L'inquiétante solidarité témoignée à Orbán
Le soutien du PPE à Orbán courrouce également le politologue Bernardo Pires de Lima, comme il l'écrit dans Diário de Notícias :
«La Commission Barroso [2004-2014] en son temps était déjà assez indulgente pour interloquer tout défenseur de l'Etat de droit et de la démocratie libérale. Mais voici que le PPE a troqué un silence assourdissant contre une impudence inouïe : le président du PPE, Joseph Daul, non content d'avoir apporté son soutien public à Orbán avant les élections, est allé jusqu'à le qualifier de 'garant de la stabilité et de la prospérité'. Il a ainsi cautionné l'impudente campagne de Orbán. ... Manfred Weber, président du groupe PPE au Parlement européen, est un autre fan d'Orbán qui ne se cache pas de l'être. Il aime partager sur les réseaux sociaux des photos le montrant en train de serrer la main d'Orbán, de même que les déclarations cyniques de ce dernier sur l'identité européenne.»
Un débat sur les valeurs
Le quotidien Kurier appelle l'UE à relever sans tarder le défi que lui lance Orbán :
«Une Europe qui envisage ces valeurs comme un fondement, et non comme une façade, doit de toute urgence rendre à Orbán la monnaie de sa pièce. Mais ceci implique aussi de ne pas aller trop vite en besogne et de qualifier d'office les idées d'Orbán d'antidémocratiques et d'antieuropéennes. L'Europe, dont la crédibilité souffre, a besoin de ce débat sur ces valeurs. Peut-être va-t-on devoir repenser certaines questions - par exemple l'immigration - ou peut-être l'Europe a-t-elle, dans ce débat, déjà soumis ses principes fondamentaux à un examen dont ils sont sortis renforcés.»

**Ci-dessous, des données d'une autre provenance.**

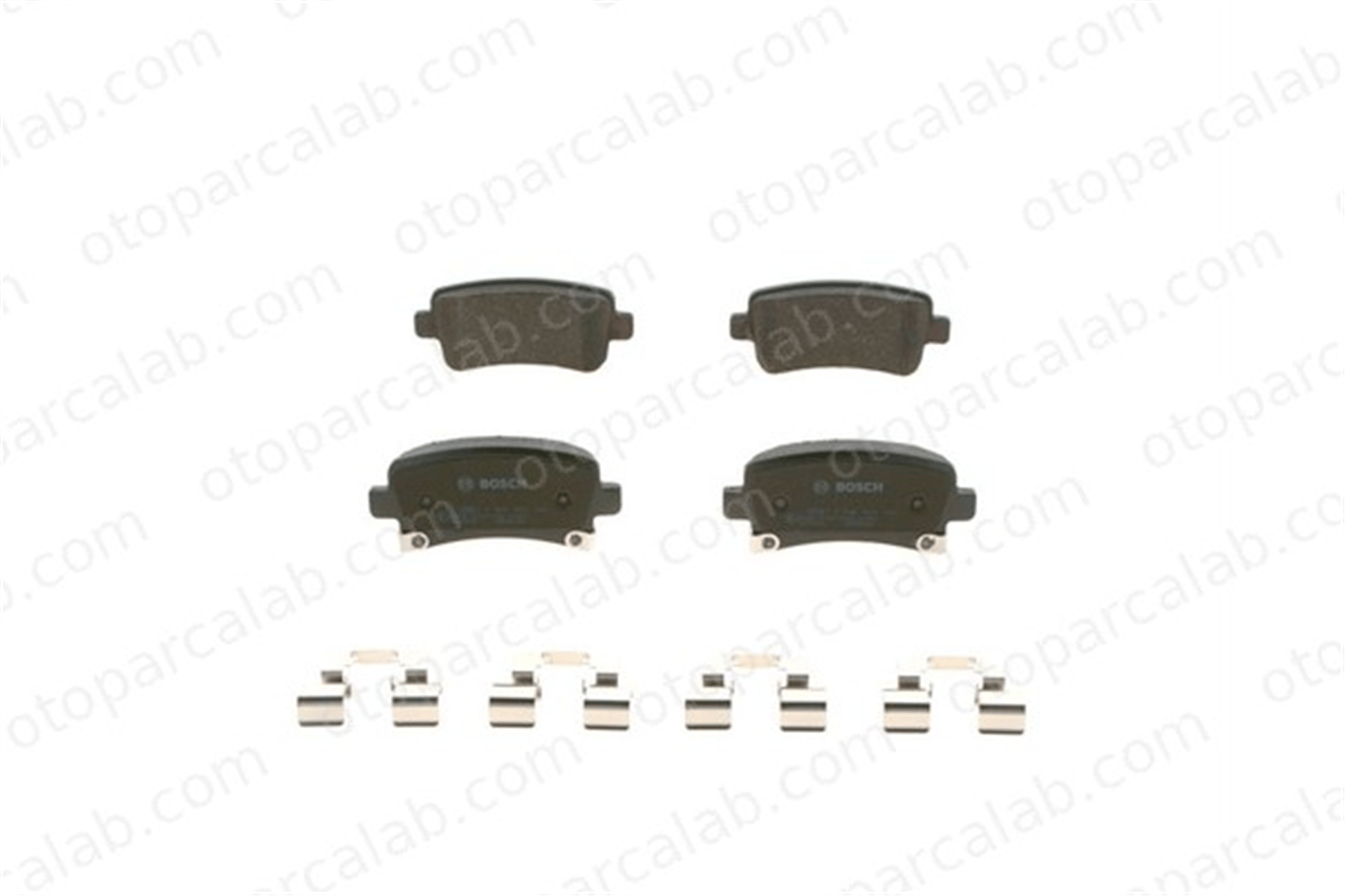 BOSCH 0 986 424 124 Fren Disk Balata Arka OPEL INSIGNIA A INSIGNIA A Sports Tourer 13237765 13365958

Combattre le racisme à la base
Il serait illusoire d'attendre de l'UE qu'elle éteigne à elle seule l'embrasement nationaliste, estime The Guardian :
«Pour les institutions européennes, il est délicat de réaffirmer cet objectif moral quand cela revient en quelques sortes à répudier le verdict démocratique des urnes dans les Etats membres. L'idée que les nationalistes se font de l'Europe est dangereuse et les politiques libéraux ont eu la suffisance de penser que l'idée de l'Europe émanant de Bruxelles et basée sur les institutions de l'UE pouvait faire le poids en face. Si l'UE en tant qu'idée et que cadre légal est indispensable comme rempart au nationalisme, elle est aussi insuffisante. Le racisme a gangrené la racine, et c'est à ce niveau-là qu'il faut le combattre. »
Il y a pire que le Fidesz
Novi list gage que finalement, la victoire électorale d'Orbán est un moindre mal :
«Il exploite habilement sa position par rapport au parti d'extrême droite Jobbik (bien que ce dernier ait considérablement mis de l'eau dans son vin), en se posant en protecteur non seulement de la Hongrie face à l'Europe, mais aussi de son identité catholique mise à mal par des 'hordes de réfugiés venus de l'Est'. En d'autres termes, on a l'impression qu'Orbán veut dire à Bruxelles : si vous ne voulez pas de moi, vous aurez le Jobbik.»